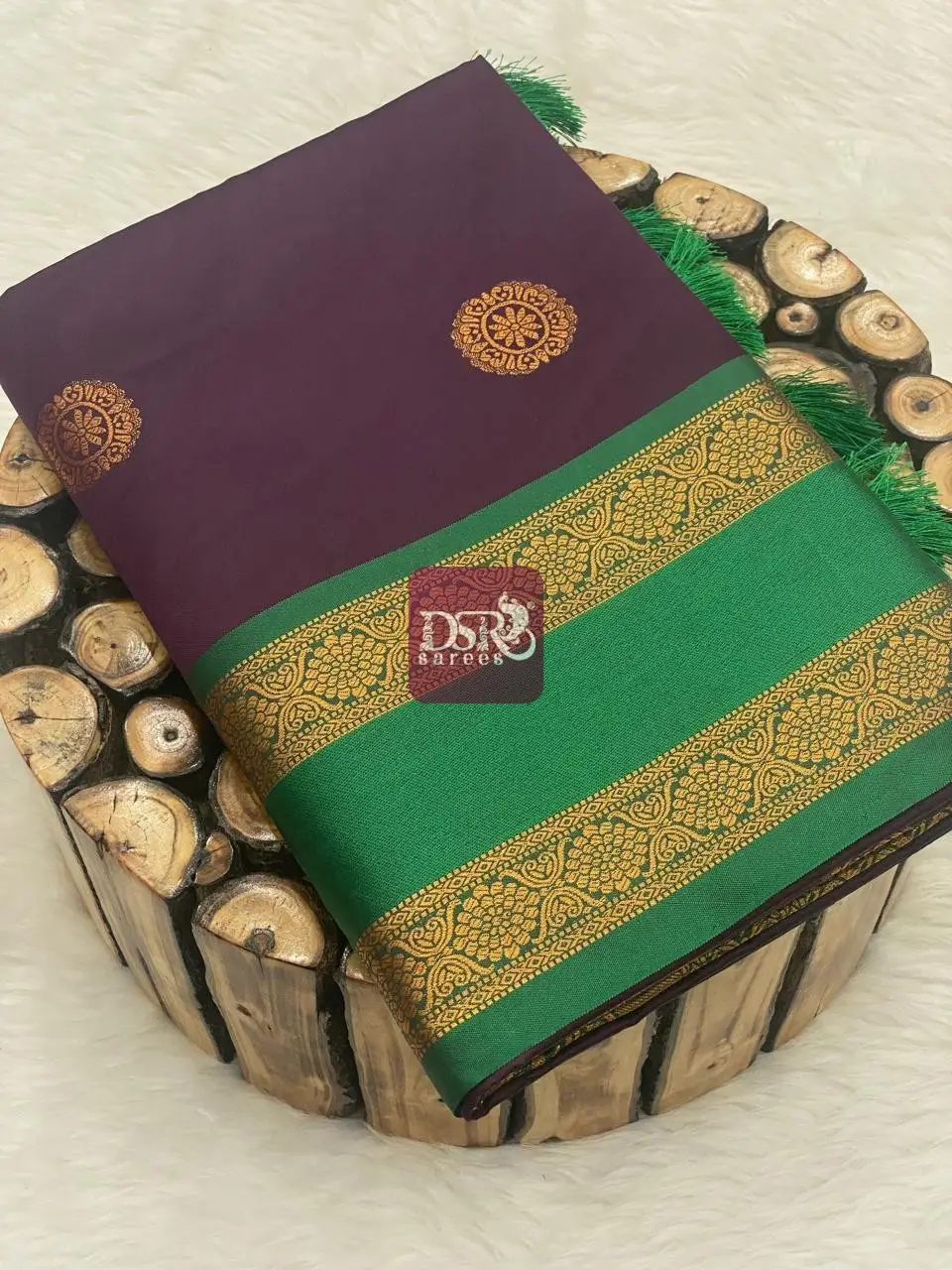 Premium Kanchi Korvai Border -VOL6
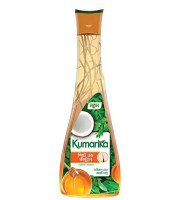 Kumarika spilt End hair oil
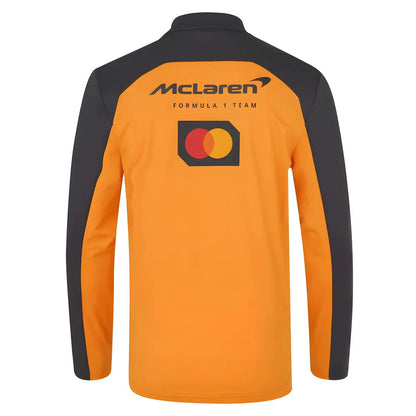 2025 McLaren F1 Team Soft Shell Jacket (Autumn Glory)_3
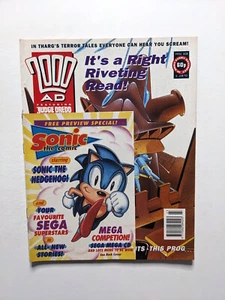 Go to product 2000 AD #838 - 1993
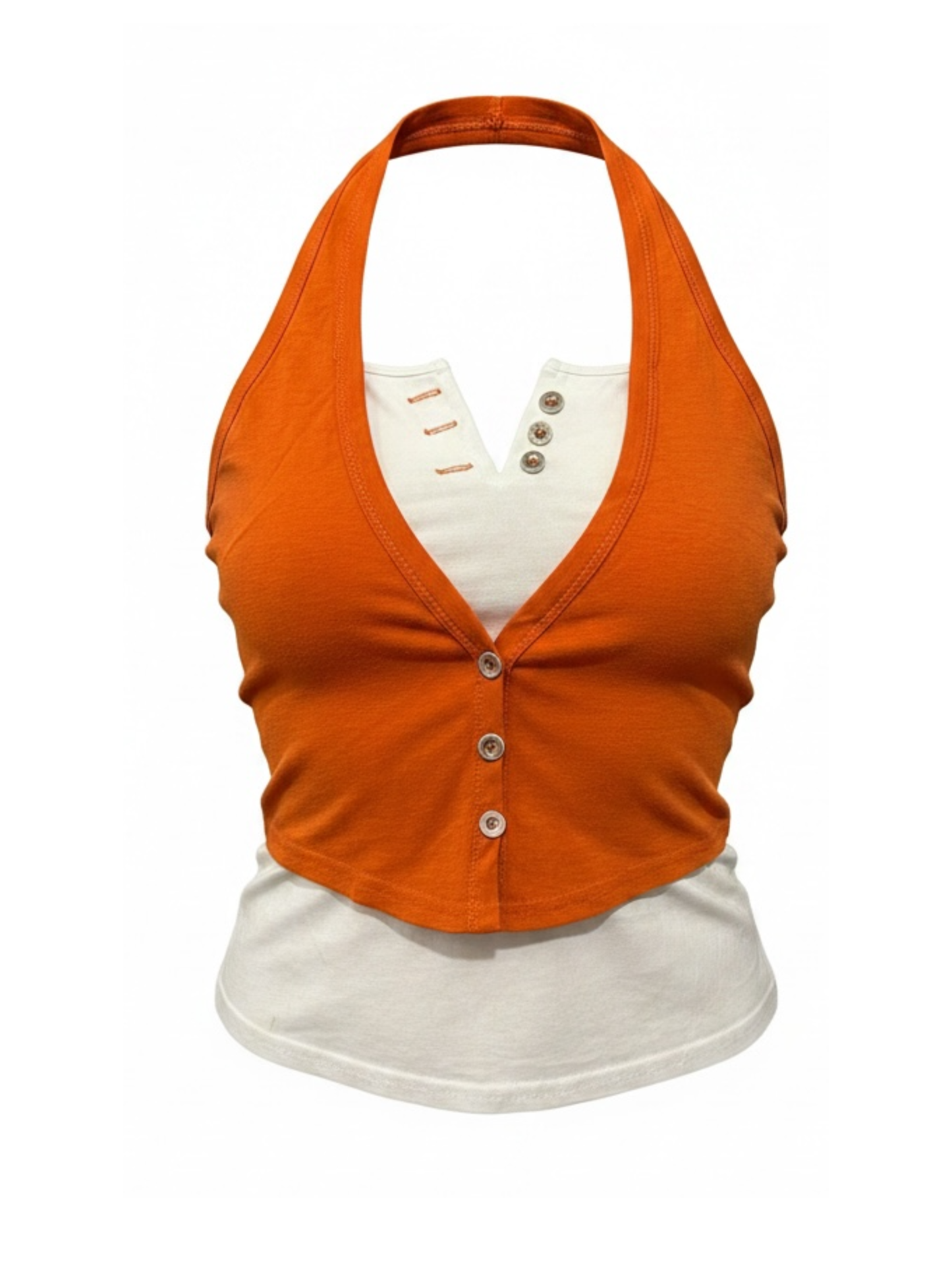 Halter Double Strap (Medium)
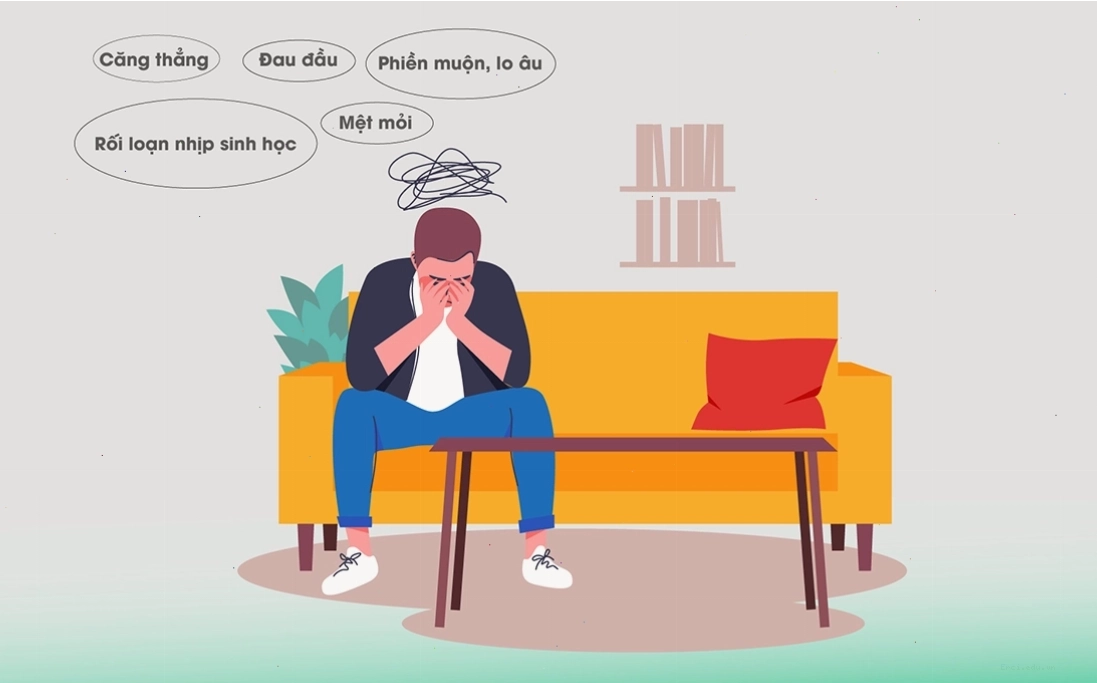 Tác hại của ô nhiễm ánh sáng tới hệ sinh thái tự nhiên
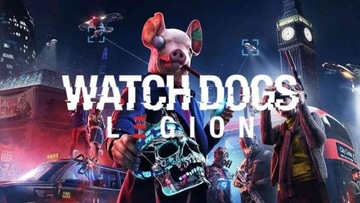 Watch Dogs: Legion - PC - Steam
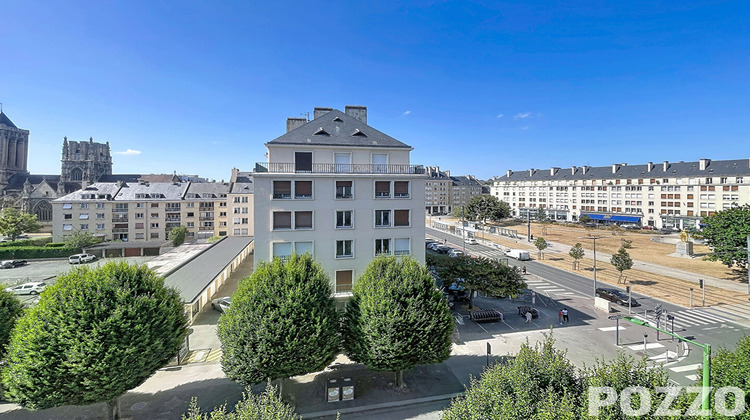 Ma-Cabane - Vente Appartement CAEN, 137 m²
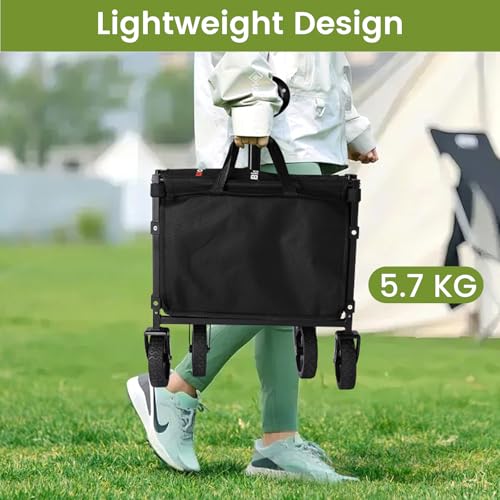 Best image of folding wagons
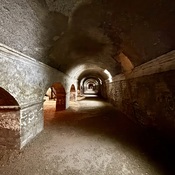 The cryptoporticus of Arles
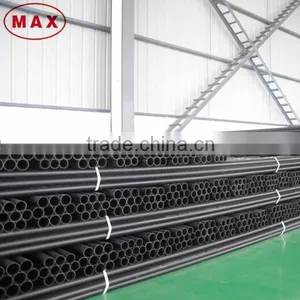 Small Size 110mm PVC-U Underground Pipe for Gas Supply thumbnail-1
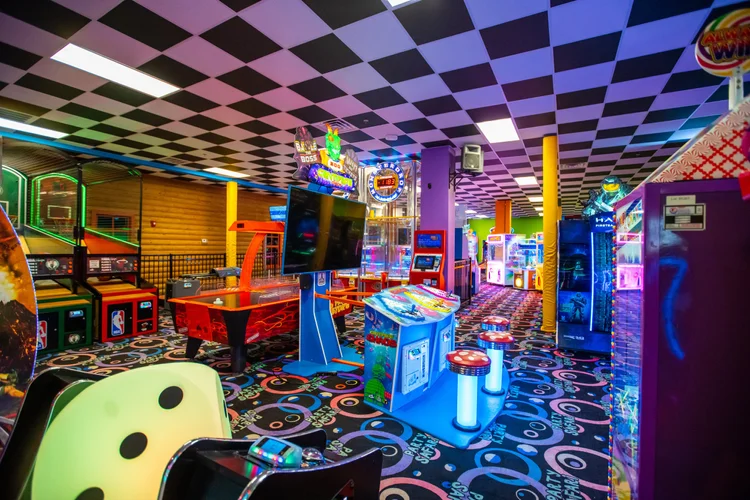Arcade+ — PARTY SAFARI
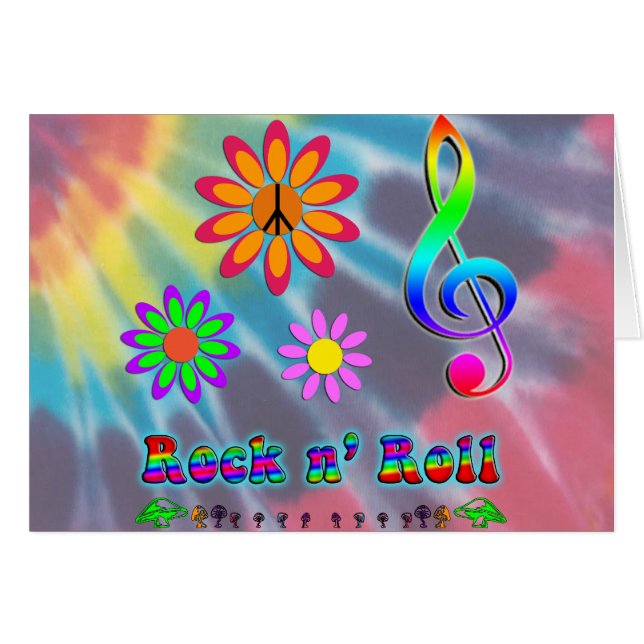 Rock n' Roll (Vorderseite (Horizontal))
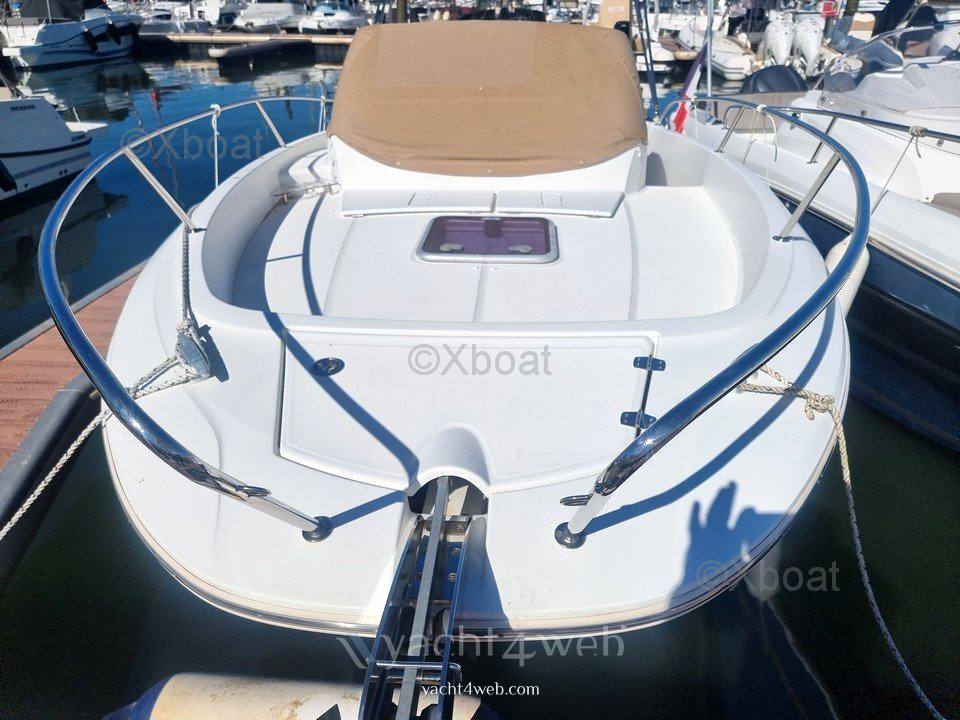 Jeanneau Cap camarat 7.5 wa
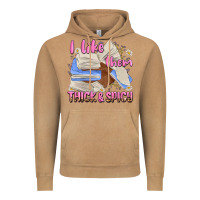 Vintage Camel i like them thick and spicy Vintage Hoodie - MaliasSmallBusiness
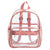 Children's Transparent PVC Backpack - Stylish & Waterproof | Go Clear Bag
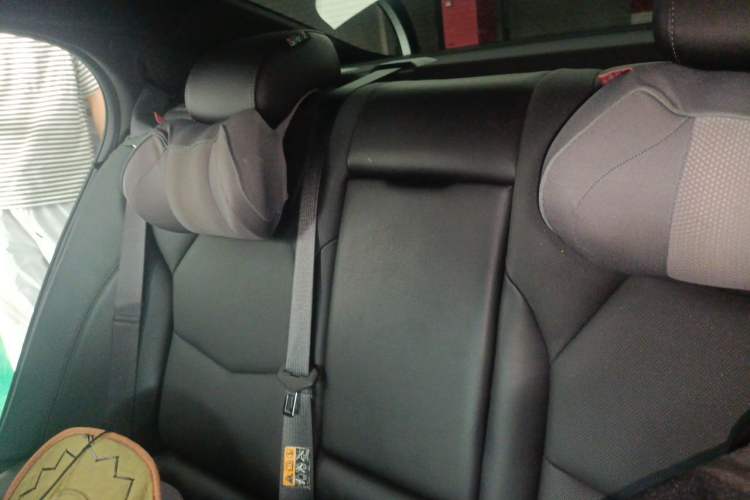 Used Cadillac CT5 2022 28T Luxury Version (Standard Edition) Left Rear Seat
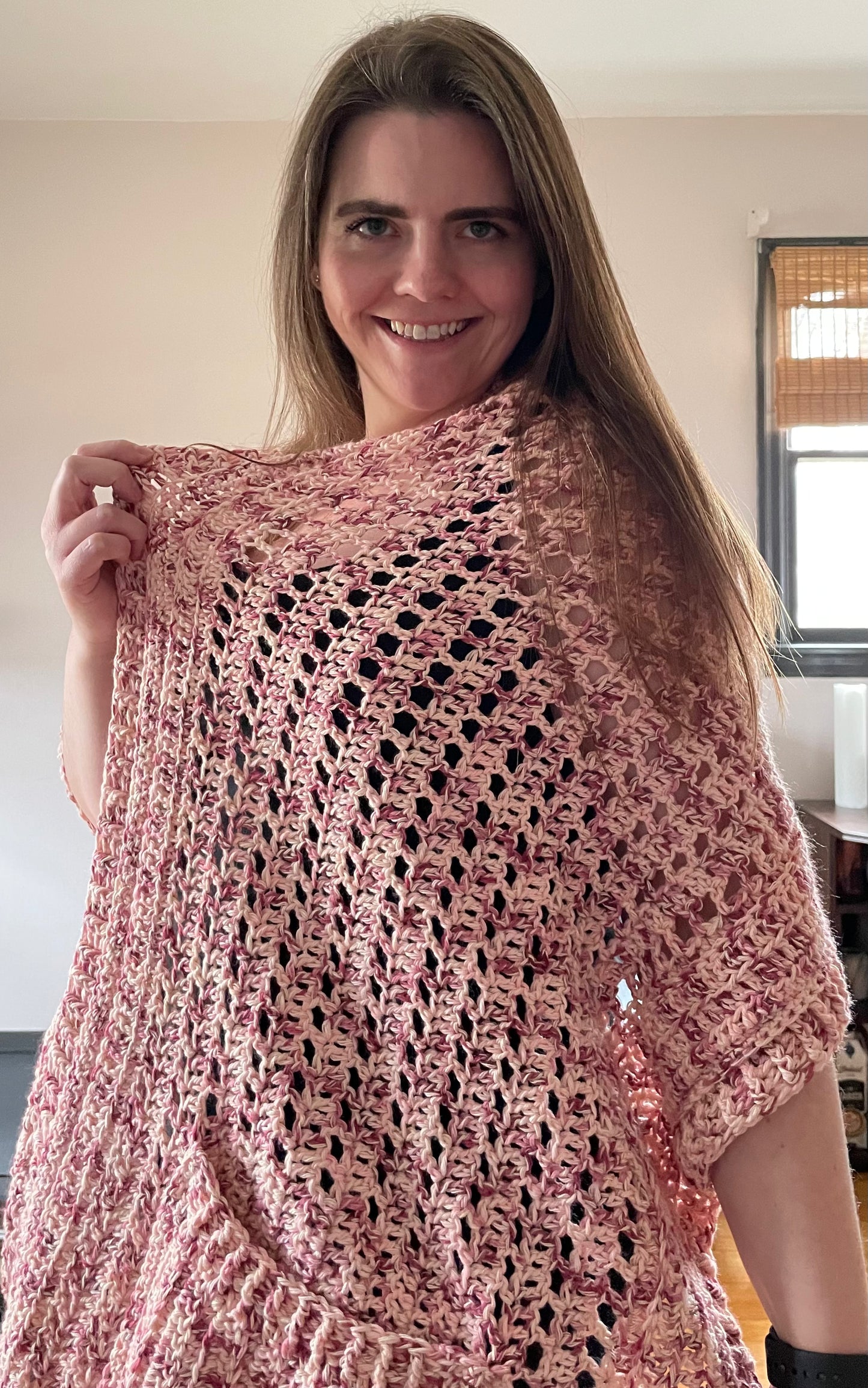 Pocket Shawl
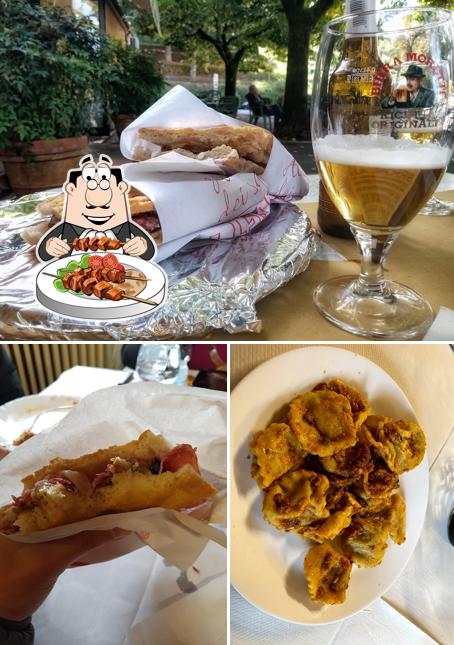 Bar Italia si caratterizza per la cibo e birra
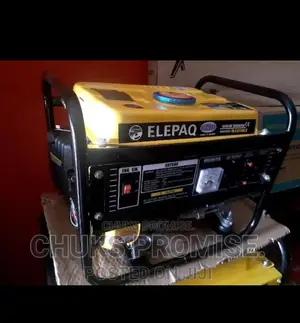 2kva Elepaq Generators Set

==========

**WHAT YOU HAVE TO DO:**
Please retype exactly the lines from the one containing "Children's Transparent PVC" to the last line of the records above, both included, without any pictures.

**ANSWER SECTION:**
 Children's Transparent PVC Backpack - Stylish & Waterproof | Go Clear Bag
 Used Cadillac CT5 2022 28T Luxury Version (Standard Edition) Left Rear Seat
 Pocket Shawl
 Bar Italia si caratterizza per la cibo e birra
 2kva Elepaq Generators Set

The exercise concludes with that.